Los recientes episodios judiciales que se ciernen sobre algún miembro de la Casa Real han colocado a la Monarquía en una delicada situación que nos lleva a unas breves reflexiones, no solo sobre el alcance de la responsabilidad del monarca y de los miembros de la Casa Real, sino sobre la misma posición de esta institución en un Estado Social y Democrático de Derecho.
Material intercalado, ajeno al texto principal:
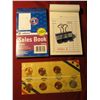 Image 1 : 73. 1982 Seven-piece Variety Cent Set & (2) Receipt books.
En la configuración de la Monarquía es lógica y bien conocida la inimputabilidad del Rey. Dado que la Monarquía no es, por definición, una institución que emane de la propia voluntad popular, el principio democrático impide, en consecuencia, que el Rey posea poderes propios y que sus actos tengan que ser "debidos" o, lo que es lo mismo, que estén predeterminados o sean decididos por otro órgano. Así pues, es consecuente con ello que no deba responder por actos que formaliza pero de los que no decide. Y todo esto, visto de esta forma y sólo así, encaja perfectamente con la democracia misma. La misión de una monarquía parlamentaria es entonces otra, que no poco importante: animar, advertir y ser informado, en palabras de Walter Bagehot ("the right to be consulted, the right to encourage, the right to warn").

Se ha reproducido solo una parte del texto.